An example of perfectionism and mental health issues is told in Hellman’s article. There was a woman who experienced rounds of self-harm as a result of her exceedingly perfectionistic standards. She experienced panic and a bad mood, which made her believe that her life was terrible. She began getting depressive symptoms and stopped participating in her normal activities. This then led her to believe her decreased productivity was evidence of her worthlessness. It was a cycle that continued to feed itself. Research like this shows a clear link between perfectionism and poor mental health (Hellman 3). The perfectionistic standards are unachievable, yet social media influencers’ followers do not understand that, leading them to believe they are worthless because their lives will never be as good as the “perfect” lives of influencers.

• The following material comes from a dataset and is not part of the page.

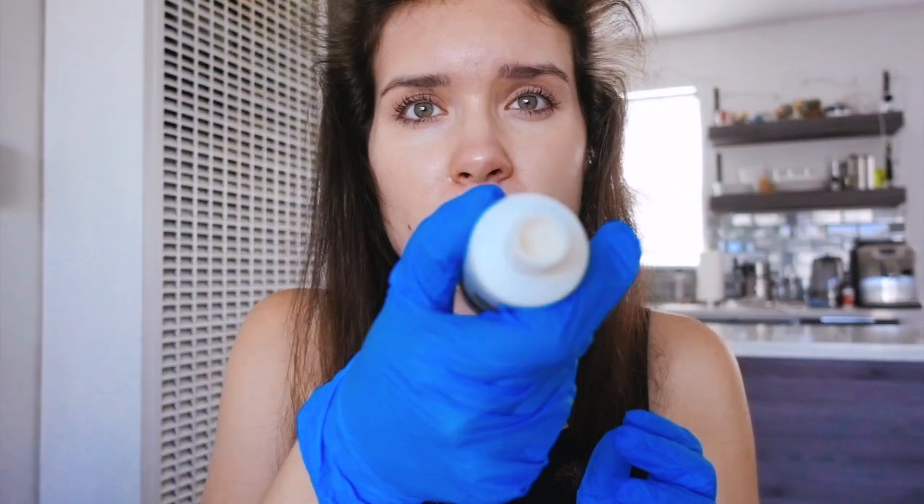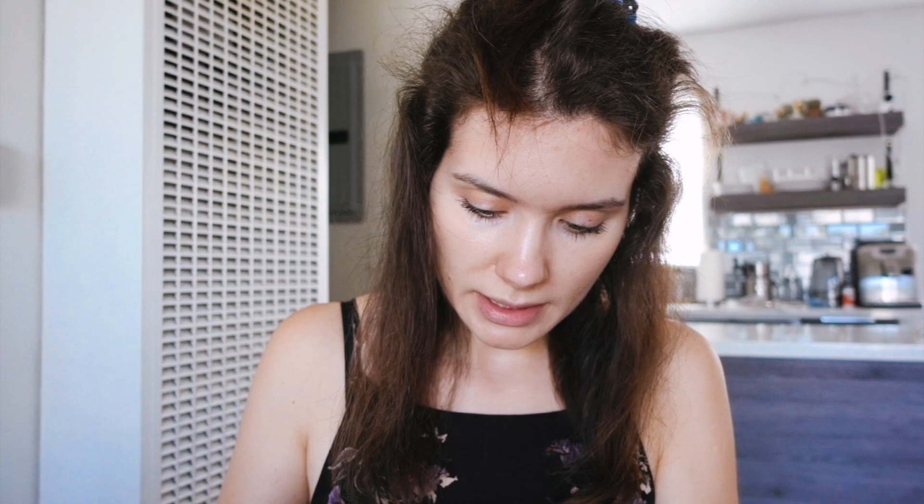Some keratin treatments can make your eyes sting, so it might be a little uncomfortable — that's the main side effect. The consistency of the product is very creamy. I'm just applying it a little bit and distributing it nicely on my hair, then using a comb to brush it through. I'm focusing on the area right next to my scalp where there's no previous keratin treatment. If you're doing this for the first time, make sure the whole length of your hair is saturated.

Social media influencers also encourage materialism in their followers. Their constant advertising of products leads to increased materialistic views in their followers. They can shape the followers’ attitudes and purchase decisions because of their influence and power. According to Frontiers in Psychology, “One of the reasons for this trend can be that social media influencers are considered as more “relatable” trendsetters than traditional celebrities, and they can spread advertising messages to the viewers in a more authentical and natural way” (Lou and Yuan). There was a test done with 171 university students that showed materialism and compulsive buying are correlated with celebrity worship. It also showed that celebrity worship, materialism, and compulsive buying are related to lower levels of well-being and empty self-theories. The results of this test are clear evidence for addiction to using celebrities as an escape from reality. (Reeves, Baker, and Truluck). This test shows that the more obsessed social media users are with social media influencers, the worse their materialistic wants will be because they worship the lives of these influencers and believe the items the influencers have will make their lives better too.

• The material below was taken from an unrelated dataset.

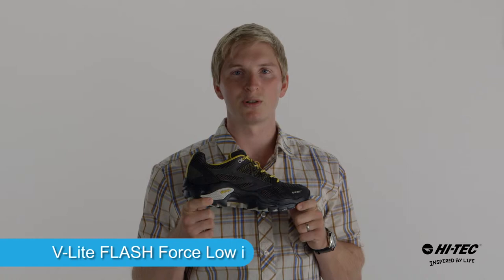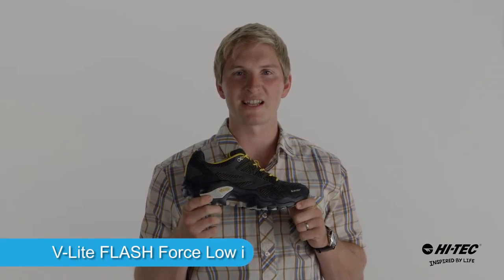If you're looking for a multi-sport shoe that can handle any trail, pick up the FlashForce Low-I. It's by Hitek.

Along with personal materialism, social media users begin to judge people’s worth based on the things they own due to the following of social media influencers. The advertising seen daily on their accounts has a role in this mindset along with people relating their worth and others’ worth to material items. The belief that people are worth more based on the more they own is not true, however, because people with more material items are found to be less happy than those with less. But people have begun seeing others’ worth based on what they possess rather than their wisdom or personality (“Social Media Influence on Materialism” Divi).